(Short descriptive text snippets)
::::::

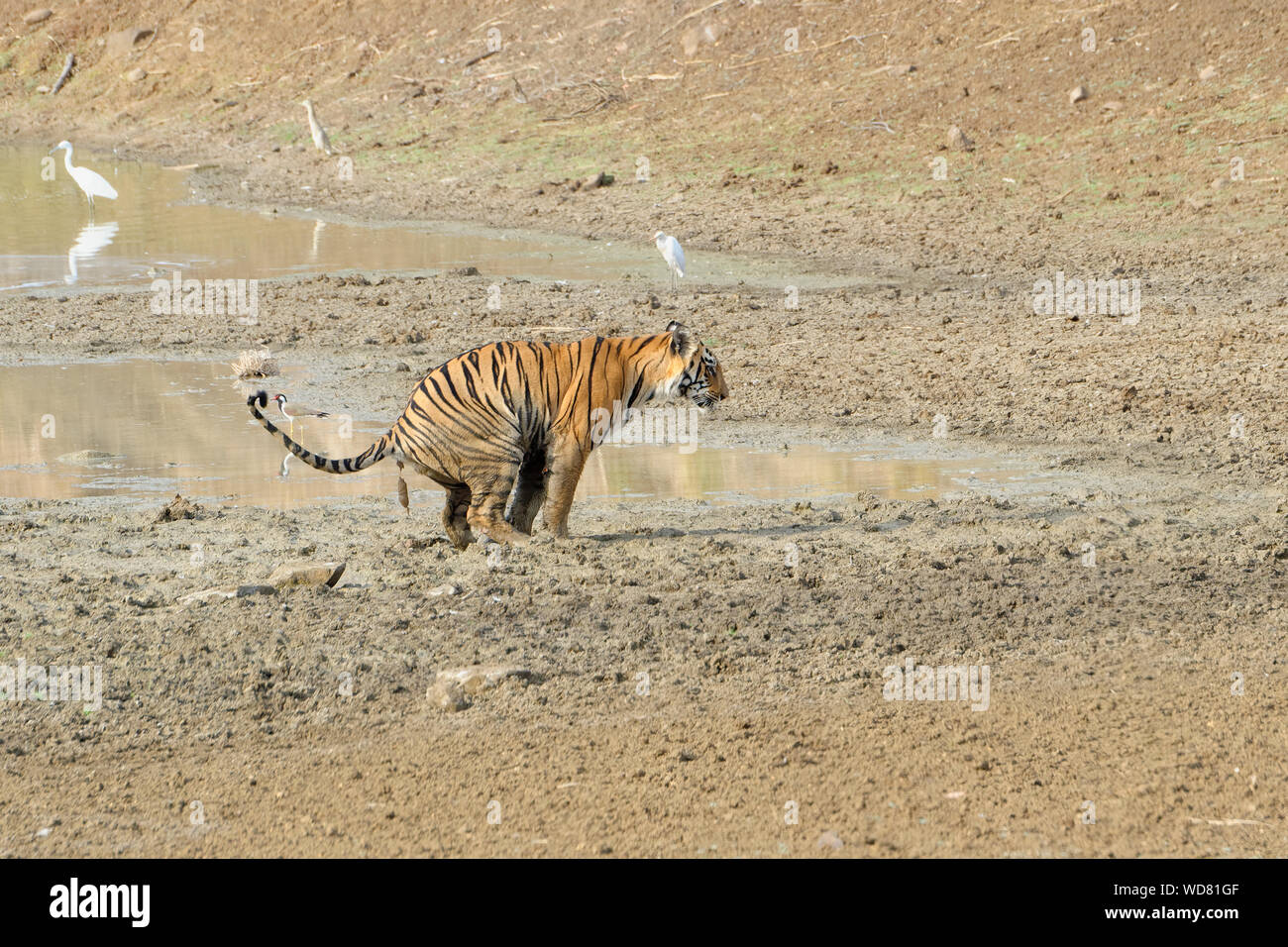 Female Bengal tiger (Panthera tigris tigris) defecating, Tadoba Andhari ...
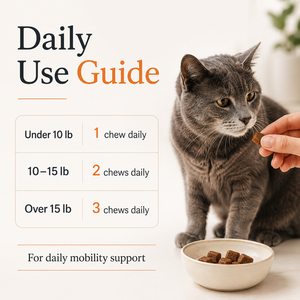 Masticables <span class=keywords><strong>Extra</strong></span> Fuertes para Cadera y Articulaciones de Gatos con MSM, Condroitina y Glucosamina, Soporte para la Movilidad Felina, Bocaditos Suaves, Frasco de 60 Unidades - Product Image 2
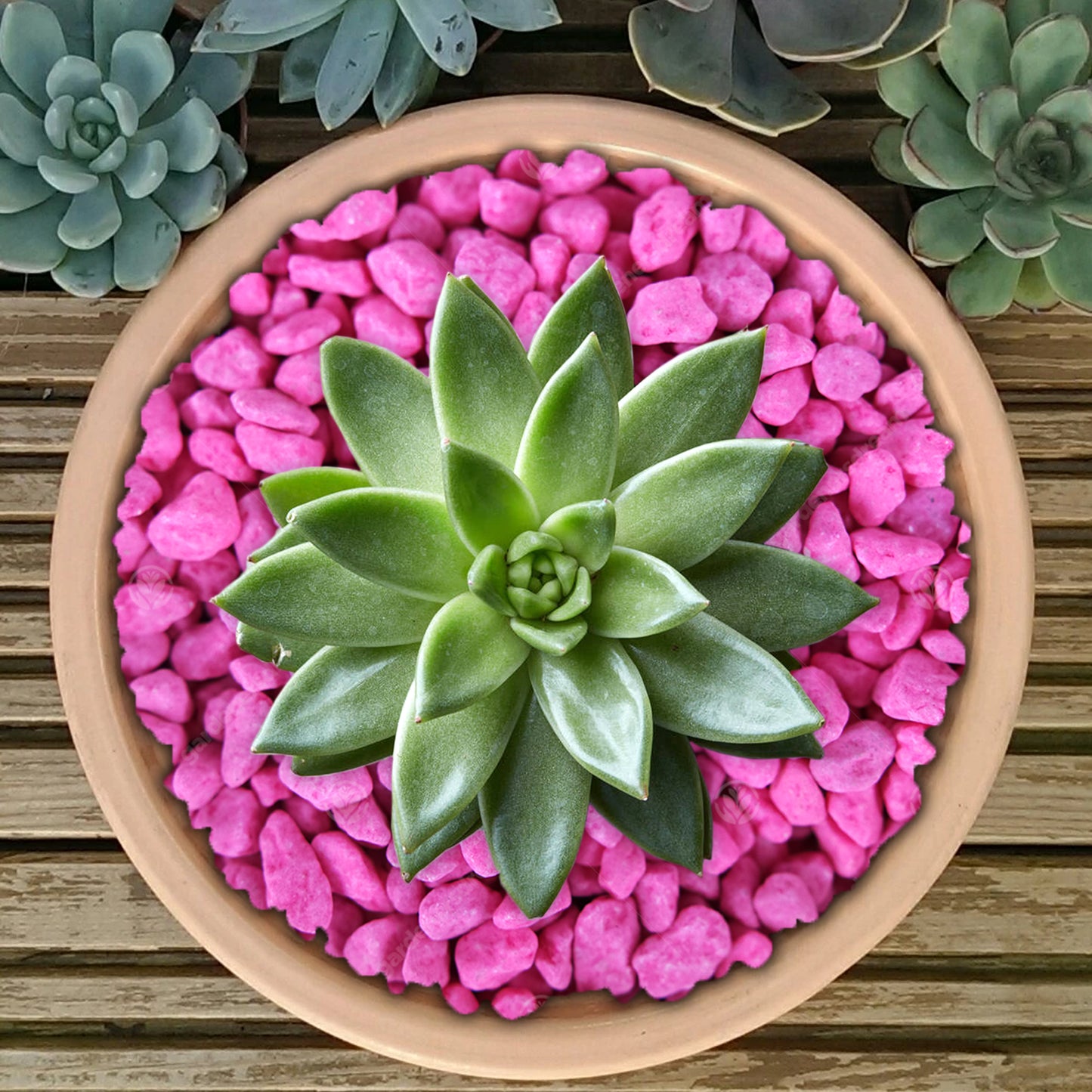 GardenersDream Fluorescent Plant Pot Gravel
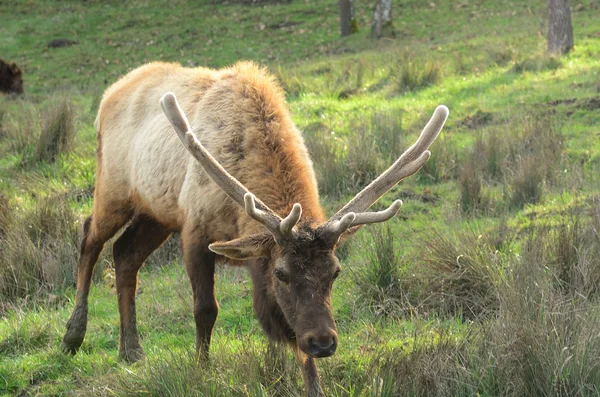 Roosevelt Elk — Stock Photo, Image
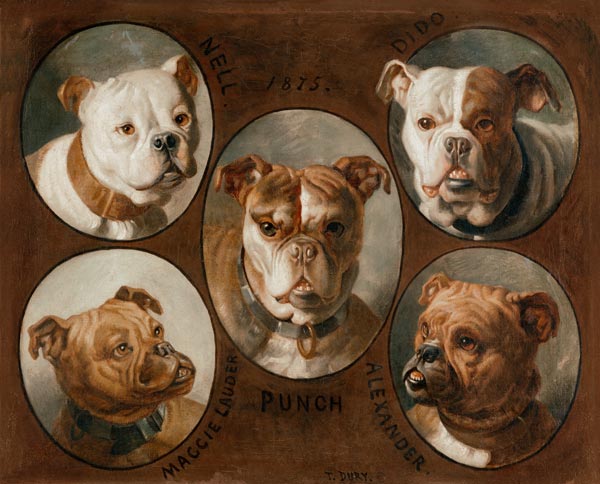 Nell, Dido, Punch, Maggie lauder and Alexander, English Bulldogs de Antoine Dury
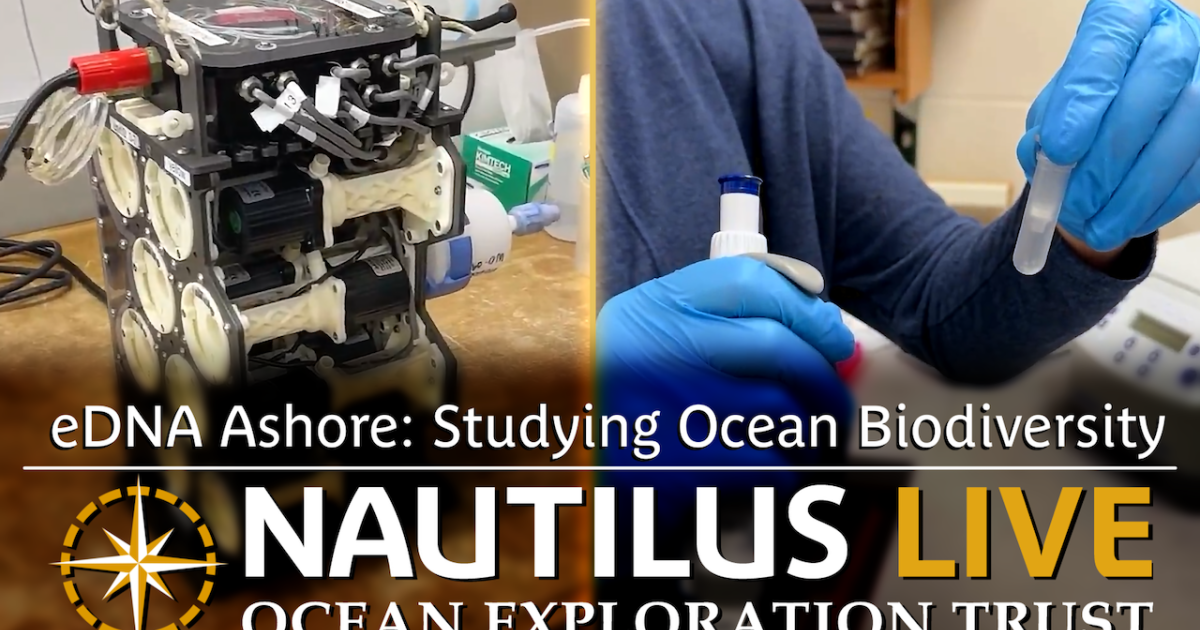 Edna Graph eDNA Ashore: Studying Ocean Biodiversity | Nautilus Live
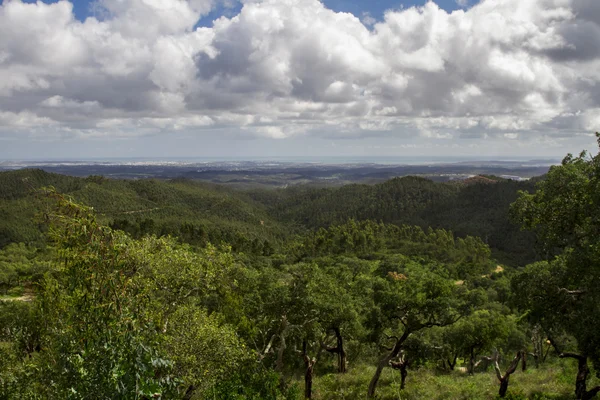 Lussureggiante e densa regione forestale — Foto Stock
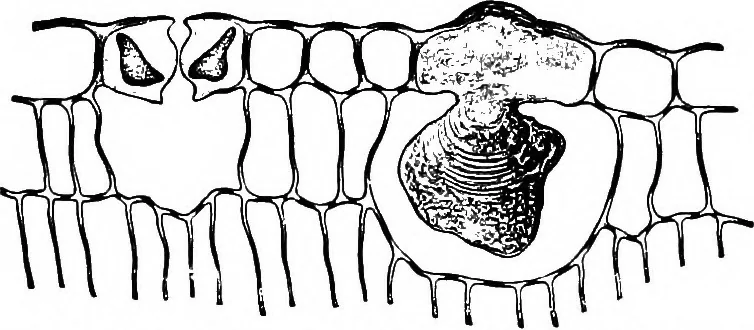 An illustration from The microscopy of vegetable foods : with special reference to the detection of adulteration and the diagnosis of mixtures, 1906, leaf 488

::::::

§ Assignment: Retype only the lines from the line with "Masticables <span class=keywords><strong>Extra</strong></span>" through the last line of the data. Keep both ends and skip the pictures.

§ Task solution:
 Masticables <span class=keywords><strong>Extra</strong></span> Fuertes para Cadera y Articulaciones de Gatos con MSM, Condroitina y Glucosamina, Soporte para la Movilidad Felina, Bocaditos Suaves, Frasco de 60 Unidades - Product Image 2
 GardenersDream Fluorescent Plant Pot Gravel
 Roosevelt Elk — Stock Photo, Image
 Nell, Dido, Punch, Maggie lauder and Alexander, English Bulldogs de Antoine Dury
 Edna Graph eDNA Ashore: Studying Ocean Biodiversity | Nautilus Live
 Lussureggiante e densa regione forestale — Foto Stock
 An illustration from The microscopy of vegetable foods : with special reference to the detection of adulteration and the diagnosis of mixtures, 1906, leaf 488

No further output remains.